### Captioned web images
↓↓↓

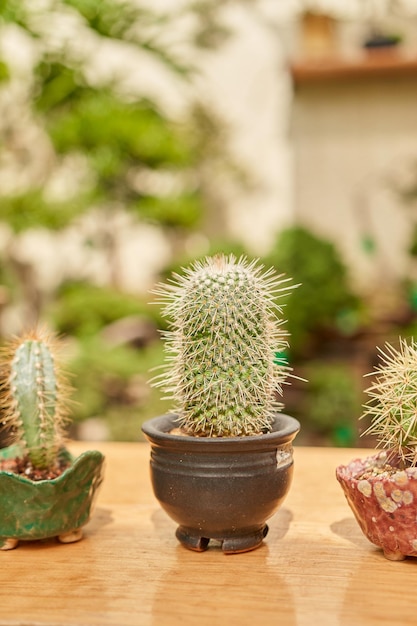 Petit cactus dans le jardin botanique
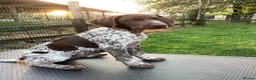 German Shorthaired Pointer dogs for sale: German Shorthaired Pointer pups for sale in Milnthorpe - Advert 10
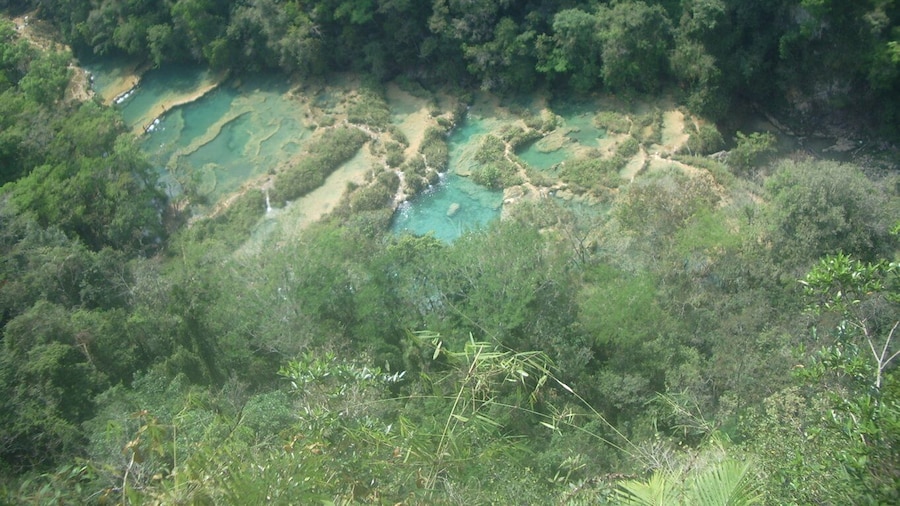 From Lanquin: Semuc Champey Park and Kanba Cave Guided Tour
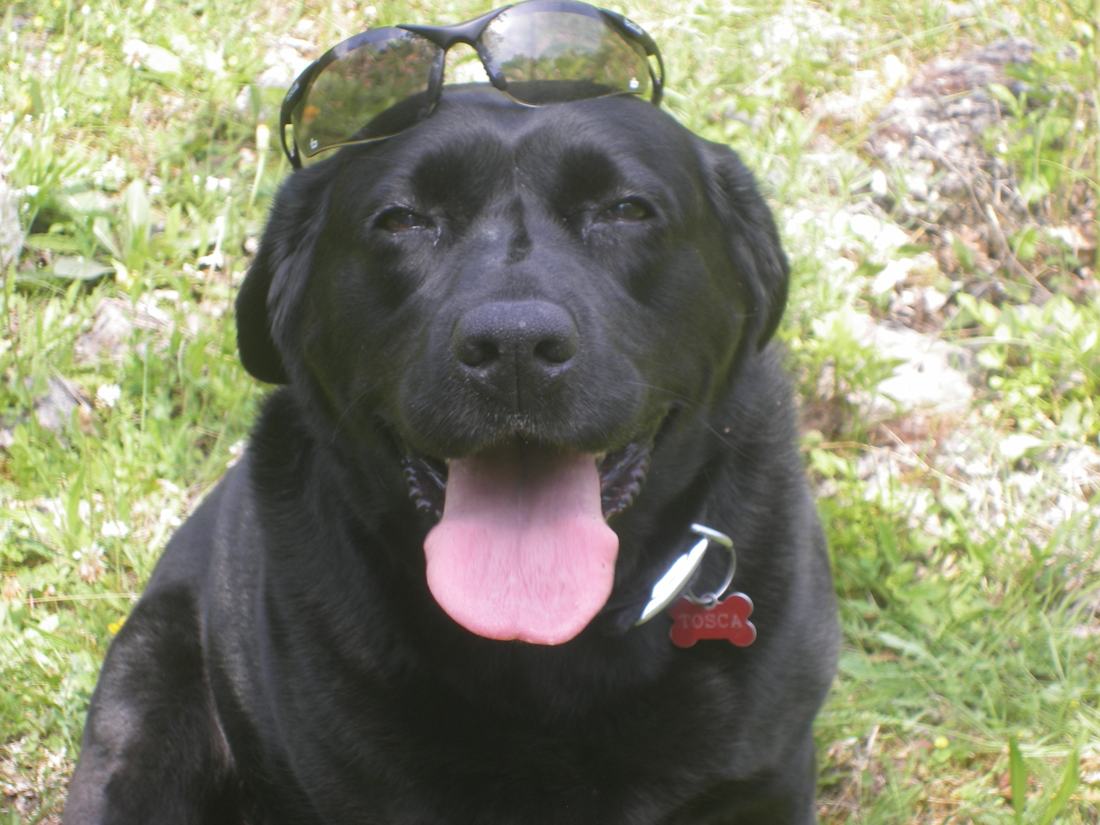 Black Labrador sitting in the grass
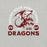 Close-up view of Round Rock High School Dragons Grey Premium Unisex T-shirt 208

↑↑↑

### Problem description
Apart from the pictures, which are to be omitted, every record must be transcribed exactly.

### Reply to the task
 Petit cactus dans le jardin botanique
 German Shorthaired Pointer dogs for sale: German Shorthaired Pointer pups for sale in Milnthorpe - Advert 10
 From Lanquin: Semuc Champey Park and Kanba Cave Guided Tour
 Black Labrador sitting in the grass
 Close-up view of Round Rock High School Dragons Grey Premium Unisex T-shirt 208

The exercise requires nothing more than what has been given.